→ Work instruction: Copying rule for the data below: take the line containing "Reusable Folding SELL" and every line after it to the end, exactly, and drop all pictures.

→ Excerpted data:

================

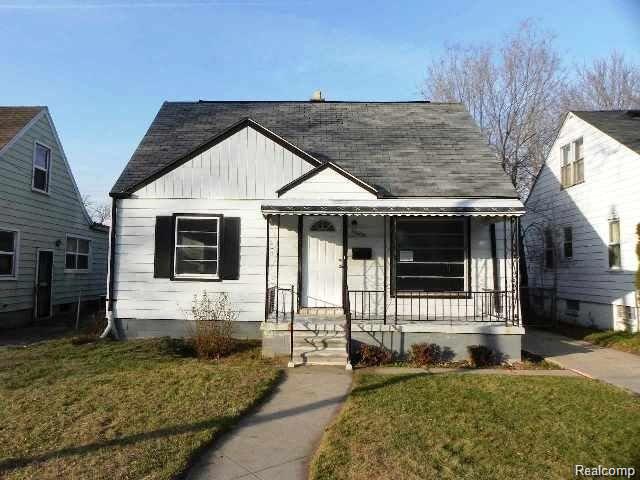 26628 Oakland Street, Inkster, MI 48141, Inkster, MI, 48141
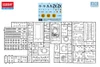 ACADEMY 1/72 Scale M2A2 Bradley Plastic Model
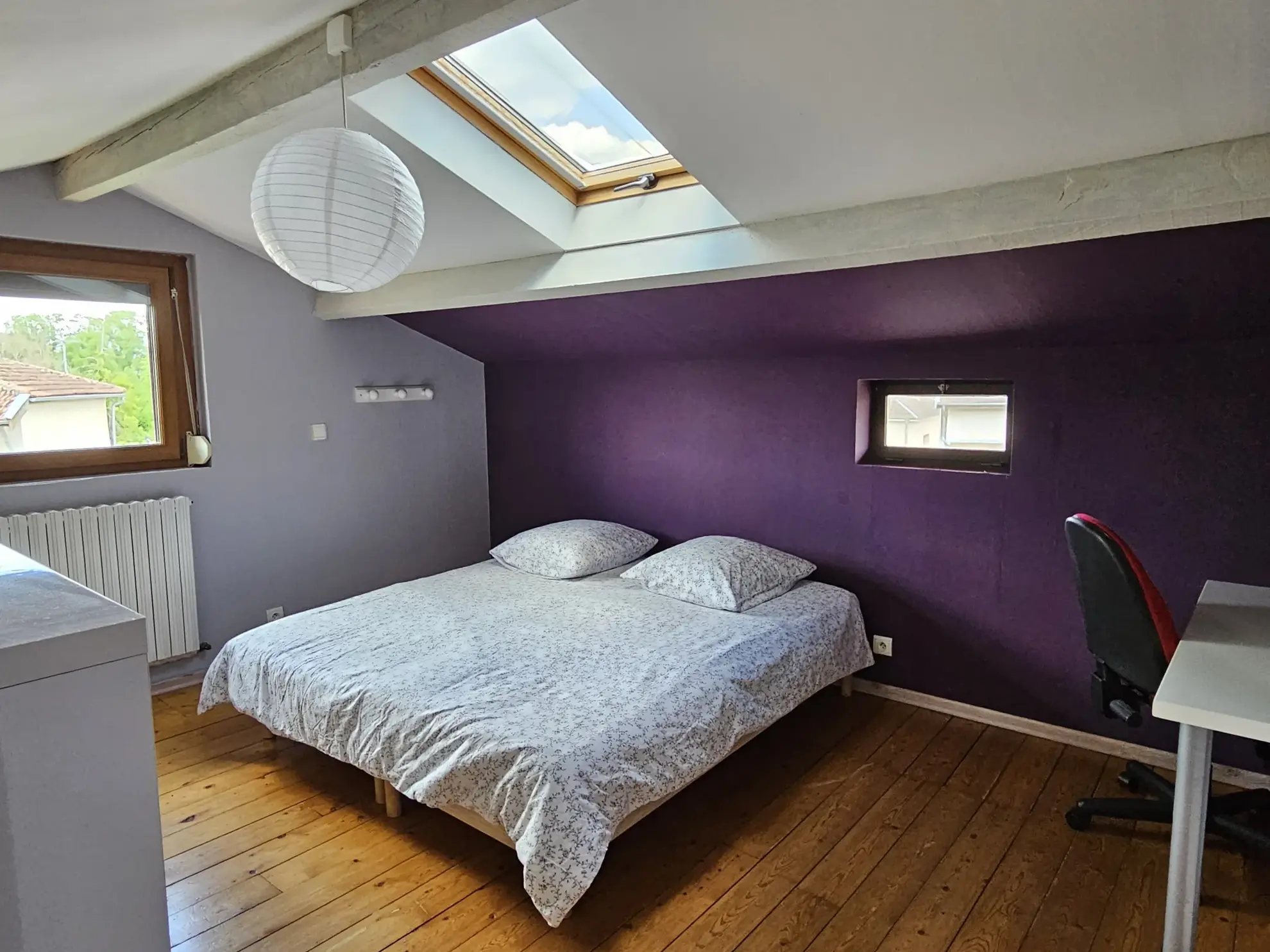 Belle maison familiale avec piscine à Louvemont - 215 m², terrain de 1437 m² 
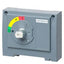 Rotary Operating Mechanism 3VT9300-3HG10 | Siemens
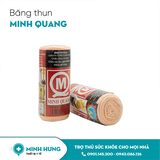 Băng Thun 6 inch (Băng thun 4 móc QM 6in R15cm*D550cm)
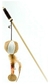 CAÑITA INTERACTIVA CON PELOTA (40CM) - comprar online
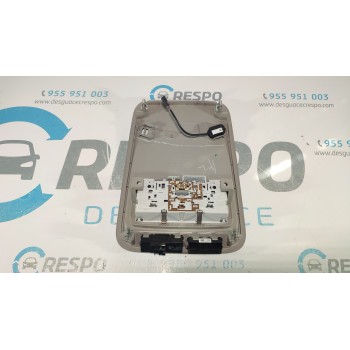 LUZ INTERIOR 13422812  - miniatura 3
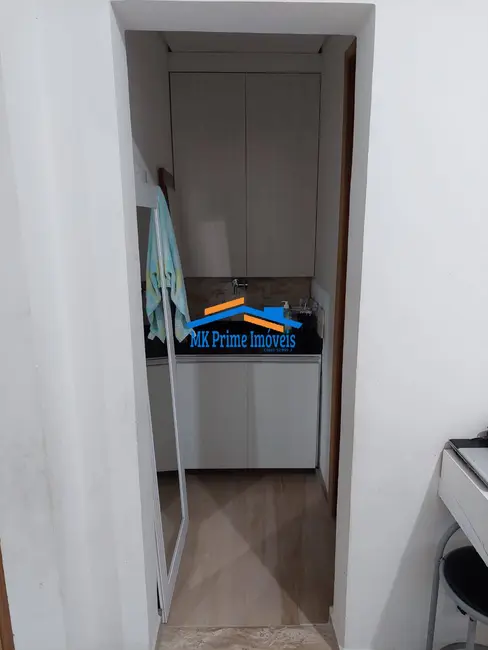 Sobrado com 3 quartos à venda, 250m2 em Jaguaré, São Paulo - SP - imagem 8 Foto 8 de Sobrado com 3 quartos à venda, 250m2 em Jaguaré, São Paulo - SP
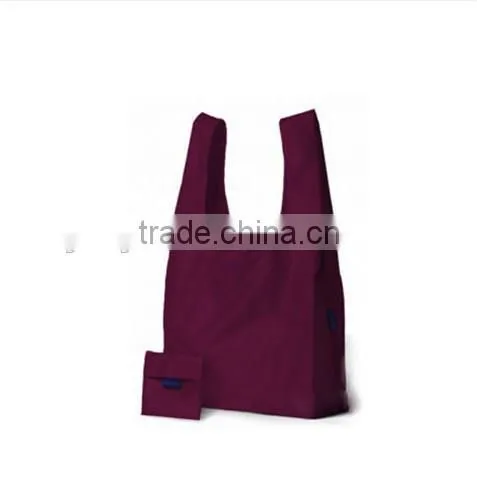 Reusable Folding SELL Top Fashion Travel Bags Grocery tote Shopping Bag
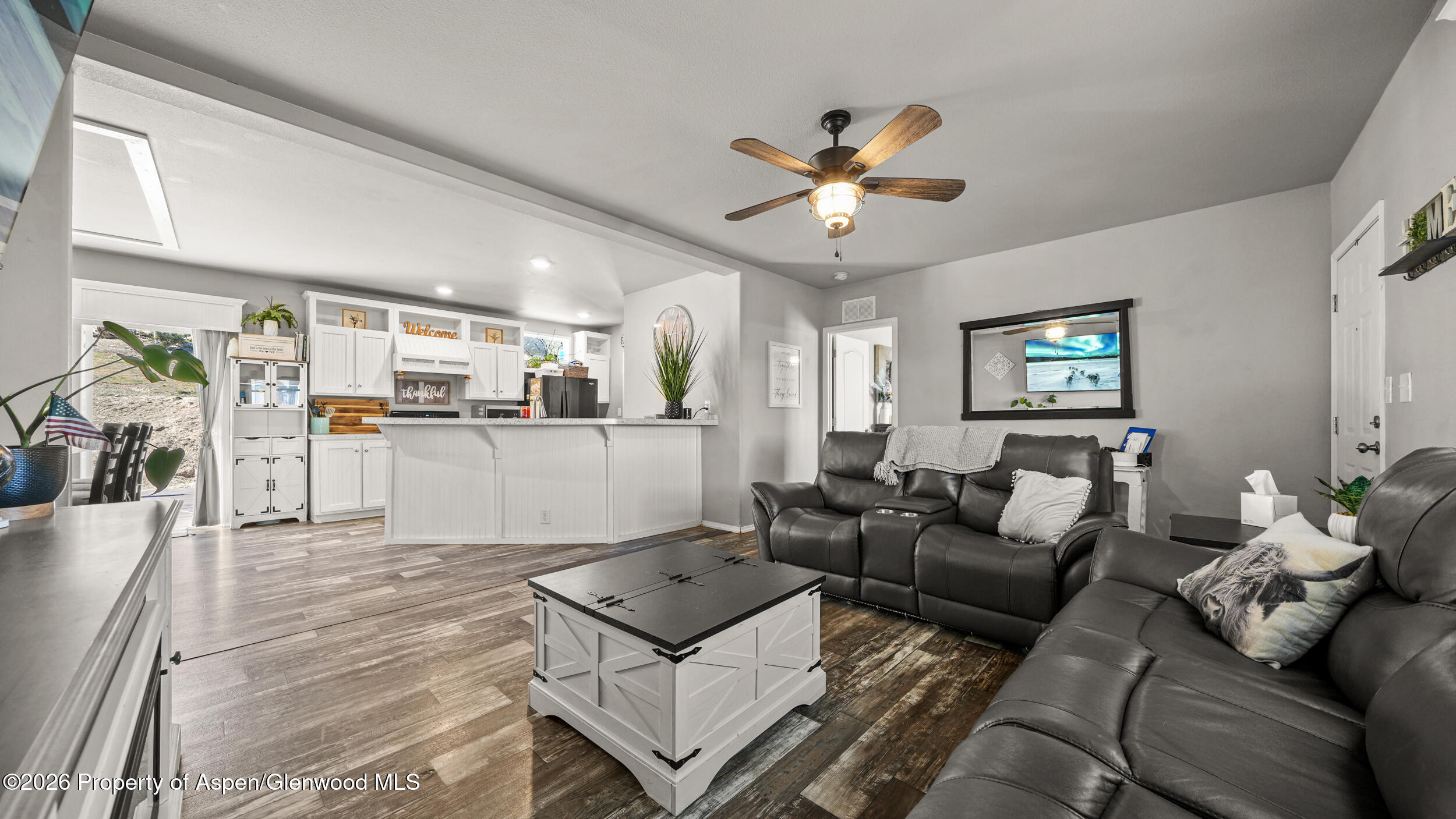 831 County Road 237 Silt CO 81652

================

→ Output:
 Reusable Folding SELL Top Fashion Travel Bags Grocery tote Shopping Bag
 831 County Road 237 Silt CO 81652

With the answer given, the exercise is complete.